The other guy at the bar was drunk and belligerent. You did everything you could to avoid a confrontation, but eventually, he took a swing at you and you had no choice but to defend yourself. But then the police arrived and arrested both of you on assault charges.
Now you are facing possible fines and even jail time for a bar fight you did not start. You may be wondering if you can plead self-defense to the charges.
What about claiming self-defense?
The answer is yes, though it can be difficult to establish self-defense as a viable defense to an assault charge arising from a fight in a bar or parking lot. Self-defense is generally limited to the amount of force necessary against someone else who is trying to cause you serious injury. Then it becomes a question of if you did just enough to protect yourself, or if you became the aggressor at any point.

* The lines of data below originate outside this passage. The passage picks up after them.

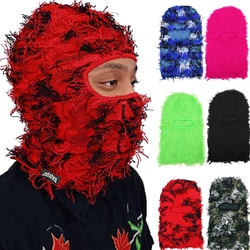 Hip Hop Balaclava Distressed Knitted Caps Full Face Ski Mask Women Outdoor Camouflage Fleece Fuzzy Ski Balaclava Beanies Men Hat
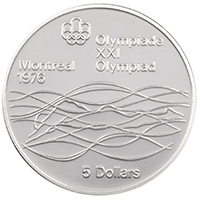 CA75SW5 1975 Swimming Five Dollars Silver Proof Canadian Coin thumbnail image of the coin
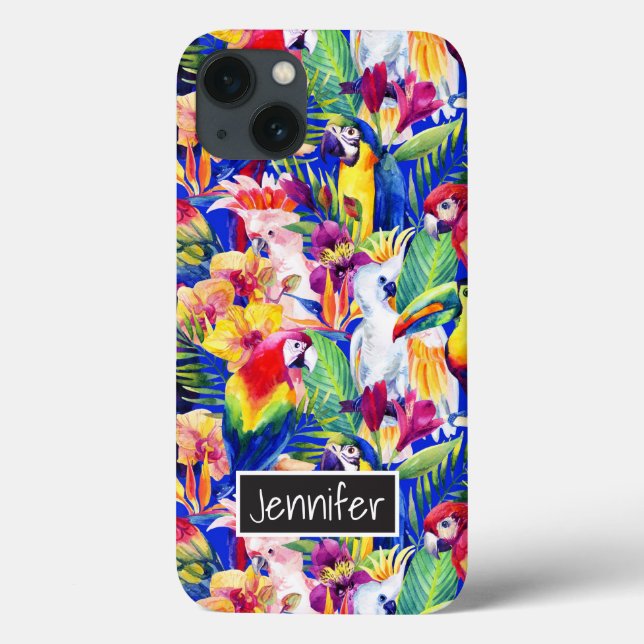 Coques Case-Mate iPhone Watercolor Parrots | Add Your Name (Verso)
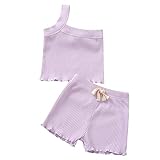 Shaohan Neugeborene Baby Outfits Set Off Schulter Oberteil Rohroberteil Ribbed Shorts Sommer Kleidung Hosenträger Tops Solid Kurze Hose mit Drawstring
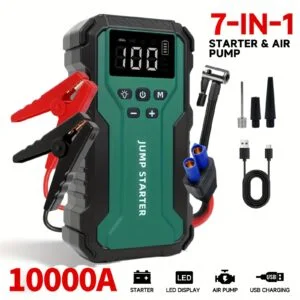 10000A 7-in-1 Multi-functional Emergency Start Power Supply with Air Pump, 150PSL Portable Car Battery Starter, Digital Tire Inflator, Suitable for 2.64 Gallon Gasoline Or 2.38 Gallon Diesel Battery, LED Emergency Light, Car Emergency Tool., Vehicle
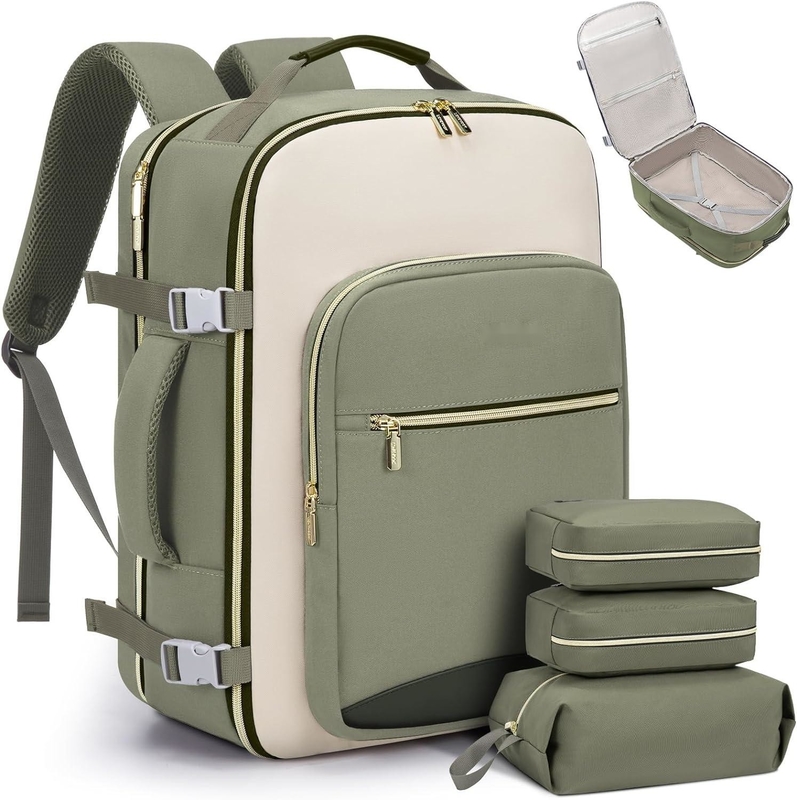 TSA Personal Item 40L  Waterproof Large Carry on Airline Approved Travel Bag with 3 Packing Cubes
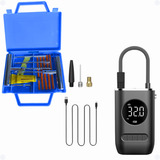 Kit Remendo Maleta Reparo + Calibrador Compressor Pneu Digit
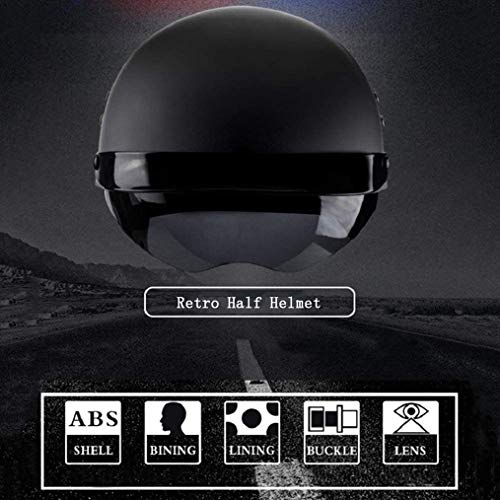 ABDOMINAL WHEEL Casco Moto Abierto Medio Casco ECE Homologado Retro Vintage Style Cascos Half-Helmet con Visera Casco Moto Abierto para Adultos Hombres Mujeres ABDOMINAL WHEEL Casco Moto Abierto Medio Casco ECE Homologado Retro Vintage Style Cascos Half-Helmet con Visera Casco Moto Abierto para Adultos Hombres Mujeres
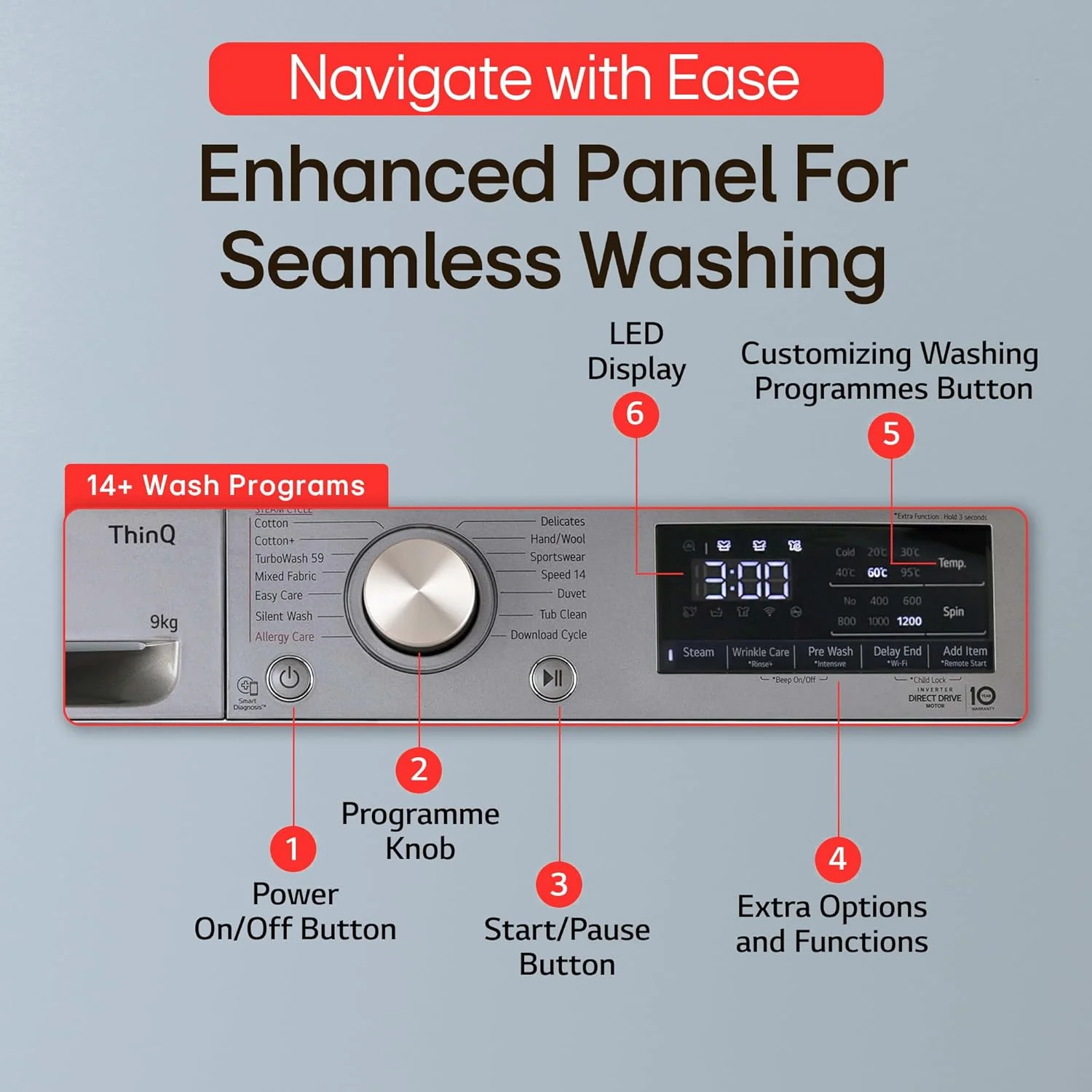 LG 9 Kg, 5 Star, AI Direct Drive Technology, Wi-Fi, Steam+ with Wrinkle Care, Fully Automatic Front-Loading Washing Machine (FHP1209Z7P, Intelligent &amp; Convenient Fabric Care, Allergy Care, Platinum) - Image 13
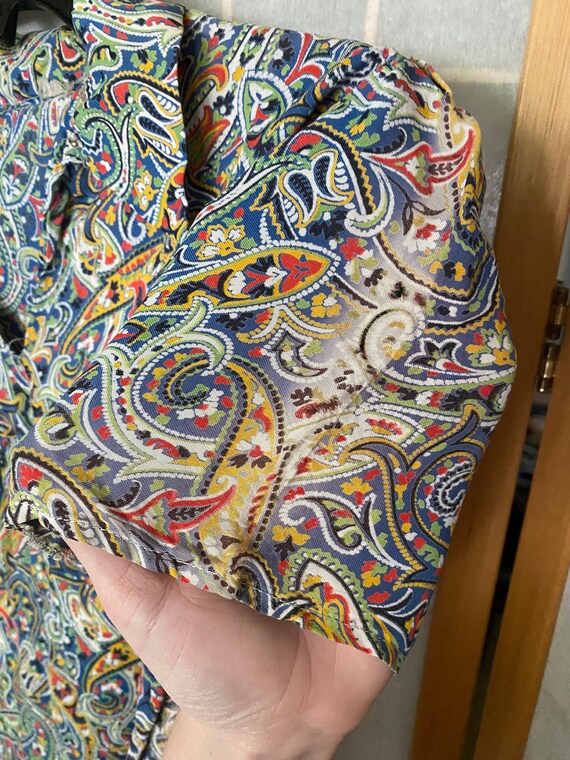 Vintage 1940's Colorful Paisley Short Sleeve Blou… - image 5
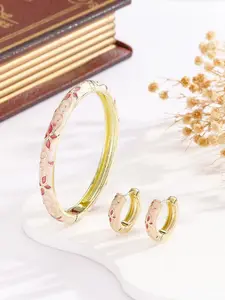 2Pcs Vintage Pink Cloisonne Enamel Jewelry Set for Women Red Flower Floral Gold Plated Brass Hinged Bangle Bracelet Huggie Hoop Earrings Retro Cottagecore Coquette Aesthetic Accessories Gift for Her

Escape is another factor in the affirmative defense of self-defense. Alaska has a “stand your ground” self-defense law that allows you to use deadly force against an assailant. But that only applies when you are in your home or workplace. Otherwise, you are required to escape a fight if reasonably possible. So, in a bar fight, if you can get to the exit or a separate room, you have the legal responsibility to do so. Otherwise, you may not be able to claim self-defense.
There are always options
None of this means that you must automatically plead guilty to assault for a bar fight that you did not start. Each case is different, and an experienced defense attorney will know how to work with you to develop the best possible legal strategy. This could include refusing to make a plea deal and confronting the charges in court.